As much as I enjoy the two aforementioned long tracks, they are probably my least favorite cuts from Second to None, if only because they don’t vary themselves enough to justify their lengths. Yet they are still rendered utterly unskippable by drawing from Dream Tröll‘s bottomless bucket of grade-A hooks. “The Art of Death” in particular is downright goosebump inducing thanks to its ghostly, soaring Blind Guardian-esque vocal harmonies, but the shorter compositions excel through more traditionally accessible melodic palettes. The infectious chorus of the aforementioned “I Will Not Die Today” might end up being the best refrain I’ll hear all year, while “Checkmate… Annihilate!” trades swells of power metal pomp in its bridge sections for a massively entertaining glam rock conclusion. These great moments, regularly rotated out so as not to grow stale, make Second to None the kind of utterly memorable record that already feels like an old standby.

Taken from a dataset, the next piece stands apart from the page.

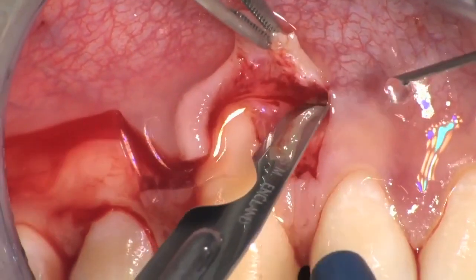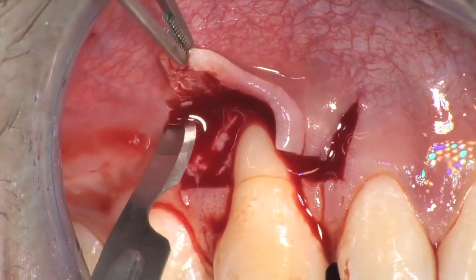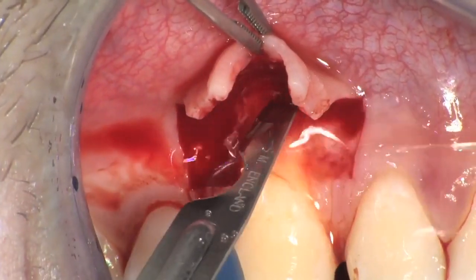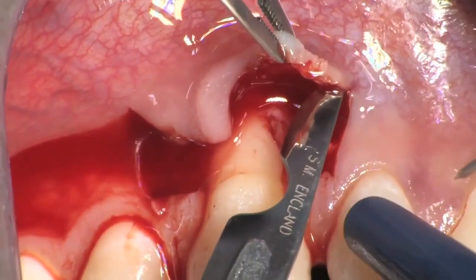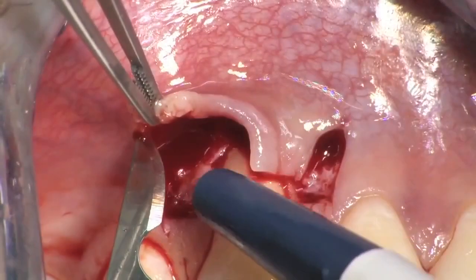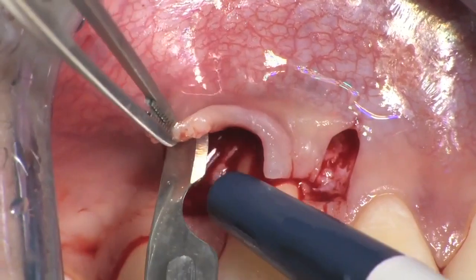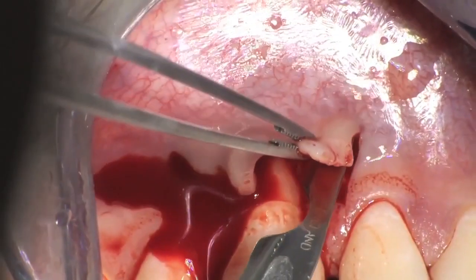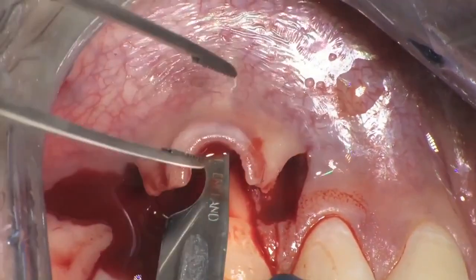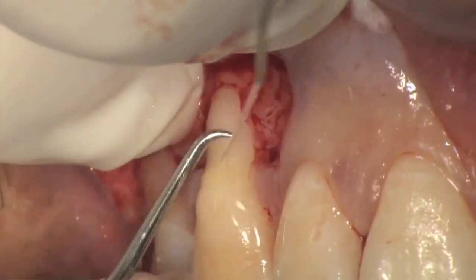Next, perform deep incisions in the lateral areas of the flap, with the blade parallel to the bone, detaching the muscles of the alveolar mucosa from the periosteum, thus leaving the periosteum to protect the underlying bone. Once the alveolar mucosa is completely detached from the periosteum, the inclination of the blade is changed and the whole extension of the blade is used to go in apical direction, keeping it parallel to the alveolar mucosa. These incisions, called the superficial incisions, are necessary in order to detach the muscles from the alveolar mucosa to allow for the advancement of the flap.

Part of what makes Second to None‘s individual tracks so captivating is that each explores a unique, standalone mythology. These tales of enslaved gladiators (“Steel Winged Warrior”), tormented artificial intelligence (“The Art of Death”), and, uh, chrome skulled vipers (“Chrome Skulled Viper”) are relayed in compelling fashion by vocalist Paul Walsh. His distinct, broad timbre is as commanding as ever, bolstered by improved annunciation for greater lyrical lucidity. Drummer Simon Blakelock has benefited most from the time between releases, however, as his patterns are notably more diverse than on prior Dream Tröll records; I love the way his crisp cymbal fills build understated tension during the verse of “Steel Winged Warrior.” Matt Baldwinson and Paul Carter’s fretwork is as sharp and explorative as ever, with crystalline tones to match. The guitars sound strangely muddy in the lower registers, but otherwise this is a great sounding record, engineered to maximize the clarity of its frequently dreamlike soundscape.
I had hoped, but never exactly anticipated, that Dream Tröll would surpass the high water mark set by The Witch’s Curse. At this point, Second to None is tied with that album in my personal rankings, but from a technical standpoint it’s a huge improvement in every conceivable respect. A band with such a winning formula as Dream Tröll needn’t tinker with their formula to craft a killer record, yet the band rejects stagnation, opting instead to push their sound to newfound limits. With its tri-Paul army in tow, Dream Tröll is poised to make its mark on the stubbornly backwards-thinking traditional metal scene as they leave a trail of umlauts in their wake.